UPSC Prelims Trivia and Fact Check

Base Year Revisions

To ensure statistical tracking accurately mirrors modern industrial shifts, MoSPI updates the base years of macroeconomic indices periodically. The new series of IIP and GDP is transitioning to a updated base year of 2022-23 to incorporate new industrial items (like green energy equipment and digital electronics) and drop obsolete items.

Core Sector Lead Indicator

Because the Index of Eight Core Industries is released on the last working day of every month—nearly two weeks ahead of the complete IIP release—it serves as a critical lead economic indicator used by analysts to predict the directional momentum of the overall industrial sector.

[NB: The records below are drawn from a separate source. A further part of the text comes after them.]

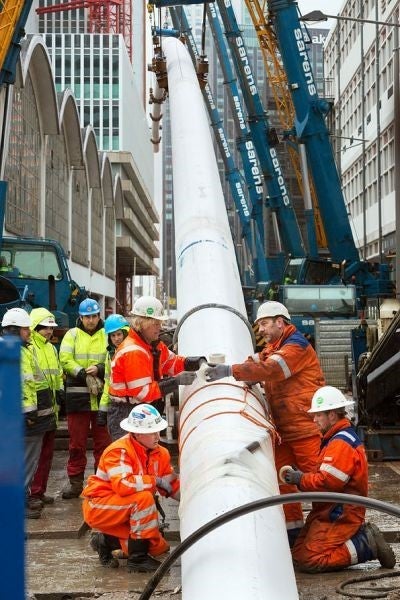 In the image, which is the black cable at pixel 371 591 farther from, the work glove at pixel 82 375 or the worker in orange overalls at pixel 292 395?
the work glove at pixel 82 375

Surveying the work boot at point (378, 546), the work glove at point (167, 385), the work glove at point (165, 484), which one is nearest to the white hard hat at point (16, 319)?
the work glove at point (167, 385)

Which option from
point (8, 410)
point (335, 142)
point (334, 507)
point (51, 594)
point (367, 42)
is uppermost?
point (367, 42)

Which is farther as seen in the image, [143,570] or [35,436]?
[35,436]

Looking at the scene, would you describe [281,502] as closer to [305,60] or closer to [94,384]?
[94,384]

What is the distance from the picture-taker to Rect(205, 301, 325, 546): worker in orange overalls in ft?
21.2

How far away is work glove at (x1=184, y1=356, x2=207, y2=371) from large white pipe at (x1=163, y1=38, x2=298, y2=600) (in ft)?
0.51

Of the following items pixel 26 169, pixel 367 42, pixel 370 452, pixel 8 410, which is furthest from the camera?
pixel 367 42

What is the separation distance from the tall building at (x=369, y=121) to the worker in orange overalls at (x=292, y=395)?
788 inches

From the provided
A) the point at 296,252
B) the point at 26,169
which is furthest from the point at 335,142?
the point at 296,252

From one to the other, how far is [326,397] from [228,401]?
835 mm

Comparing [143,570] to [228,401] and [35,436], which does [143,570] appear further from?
[35,436]

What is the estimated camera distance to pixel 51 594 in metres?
5.80

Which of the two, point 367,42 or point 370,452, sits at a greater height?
point 367,42

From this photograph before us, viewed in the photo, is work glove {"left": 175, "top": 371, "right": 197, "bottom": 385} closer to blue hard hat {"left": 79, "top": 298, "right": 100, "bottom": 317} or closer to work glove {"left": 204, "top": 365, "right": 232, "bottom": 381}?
work glove {"left": 204, "top": 365, "right": 232, "bottom": 381} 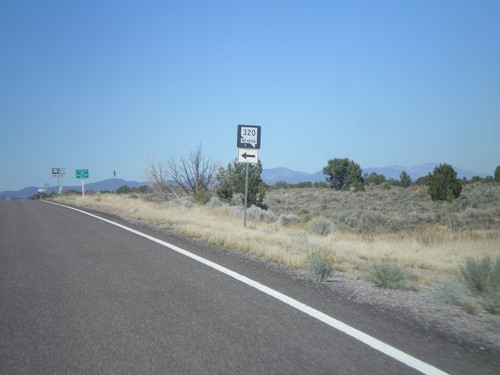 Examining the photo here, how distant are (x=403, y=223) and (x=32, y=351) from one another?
22.3m

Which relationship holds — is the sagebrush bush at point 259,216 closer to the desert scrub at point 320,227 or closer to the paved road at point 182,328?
the desert scrub at point 320,227

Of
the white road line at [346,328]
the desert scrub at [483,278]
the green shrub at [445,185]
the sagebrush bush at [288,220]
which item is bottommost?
the sagebrush bush at [288,220]

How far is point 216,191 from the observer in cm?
3459

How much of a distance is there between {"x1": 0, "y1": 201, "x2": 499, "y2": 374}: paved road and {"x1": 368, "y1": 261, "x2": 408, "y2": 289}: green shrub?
1109 millimetres

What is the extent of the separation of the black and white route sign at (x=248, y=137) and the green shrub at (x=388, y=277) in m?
7.99

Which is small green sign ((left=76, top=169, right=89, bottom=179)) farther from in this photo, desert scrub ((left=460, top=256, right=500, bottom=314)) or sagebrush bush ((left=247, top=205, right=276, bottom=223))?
desert scrub ((left=460, top=256, right=500, bottom=314))

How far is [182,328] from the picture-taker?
4527 mm

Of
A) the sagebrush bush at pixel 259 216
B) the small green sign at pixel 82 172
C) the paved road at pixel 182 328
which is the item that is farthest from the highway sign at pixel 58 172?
the paved road at pixel 182 328

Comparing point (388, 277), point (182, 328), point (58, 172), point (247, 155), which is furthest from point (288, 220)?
point (58, 172)

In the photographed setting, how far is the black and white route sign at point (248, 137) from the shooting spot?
47.3 feet

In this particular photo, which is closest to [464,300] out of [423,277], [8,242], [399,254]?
[423,277]

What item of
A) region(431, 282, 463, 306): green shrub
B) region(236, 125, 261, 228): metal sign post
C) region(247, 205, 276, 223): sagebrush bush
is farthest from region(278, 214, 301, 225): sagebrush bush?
region(431, 282, 463, 306): green shrub

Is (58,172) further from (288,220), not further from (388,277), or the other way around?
(388,277)

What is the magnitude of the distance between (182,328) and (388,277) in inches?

Use of Double Deflation Methodology

To align national accounting with global standards, India’s statistical agencies are moving toward a double deflation methodology for calculating manufacturing GVA. This involves deflating the value of gross output by an output price index and the value of intermediate inputs by an input price index separately, preventing artificial inflation of industrial productivity numbers when input costs drop sharply.